PSLmodels / OG-USA

Overlapping-generations macroeconomic model for evaluating fiscal policy in the United States
https://pslmodels.github.io/OG-USA/
Creative Commons Zero v1.0 Universal
19 stars 34 forks source link

Household structure variables from the PSID #6

Open jdebacker opened 4 years ago

jdebacker commented 4 years ago

@MaxGhenis and @prrathi are working on an estimate of the number of children per household. The current version of the psid_download.R script in this repo pulls a few related variables:

                        # Demographics
                        head_age="ER17013",
                        spouse_age="ER47319",
                        head_gender="ER47318",
                        head_num_children="V10977",
                        num_children="ER37724",
                        num_children_away_from_home="V561",
                        num_children_under18="ER47320",

Are there additional variables you two would like pulled? FYI, PSID variable search is here.

MaxGhenis commented 4 years ago

Thanks @jdebacker, what's currently in there should be a good start. Do you know if PSID family units also include elderly dependents? I couldn't find fields on this, and seems like the biggest potential gap.

The cleanest would probably be using individual ages and then merging back to the family unit level, but might not be worth it.

MaxGhenis commented 4 years ago

To be specific, here's how I think we can calculate each metric used for the UBI:

nu18 = (head_age < 18) + (spouse_age < 18) + num_children_under18
# Temp: assume all adult children are under 65.
num_adult_children = num_children - num_children_under18
n1864 = head_age.between(18, 64) + spouse_age.between(18, 64) + num_adult_children
n65 = (head_age > 64) + (spouse_age > 64)

Another consideration is that taxcalc currently also has a n1820 for UBI policies that give a different amount to this age group. Parity would require using individual ages. I don't think this is too important though, it's probably just for one semi-prominent UBI proposal (Charles Murray's).

MaxGhenis commented 3 years ago

num_children is null for 98% of records, so we might have to just use num_children_under18 and skip adult dependents, at least to start.

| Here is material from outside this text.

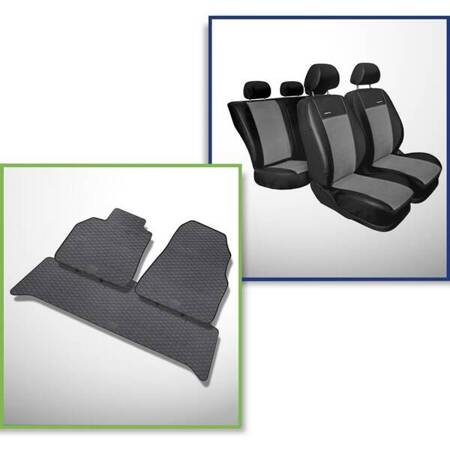 Set: rubberen automatten + op maat gemaakte hoezen voor Renault Scenic II MPV (2003-2009) - Premium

!wget https://github.com/jdebacker/OG-USA-Calibration/raw/master/EarningsProcesses/psid_data_files/psid1968to2015.RData
psid = pyreadr.read_r('psid1968to2015.RData')['psid_df']
psid[['head_age', 'spouse_age', 'num_children_under18', 'num_children']].isna().mean()
head_age                0.000000
spouse_age              0.000000
num_children_under18    0.000000
num_children            0.982549
dtype: float64
MaxGhenis commented 3 years ago

I think we can close this and discuss in #9.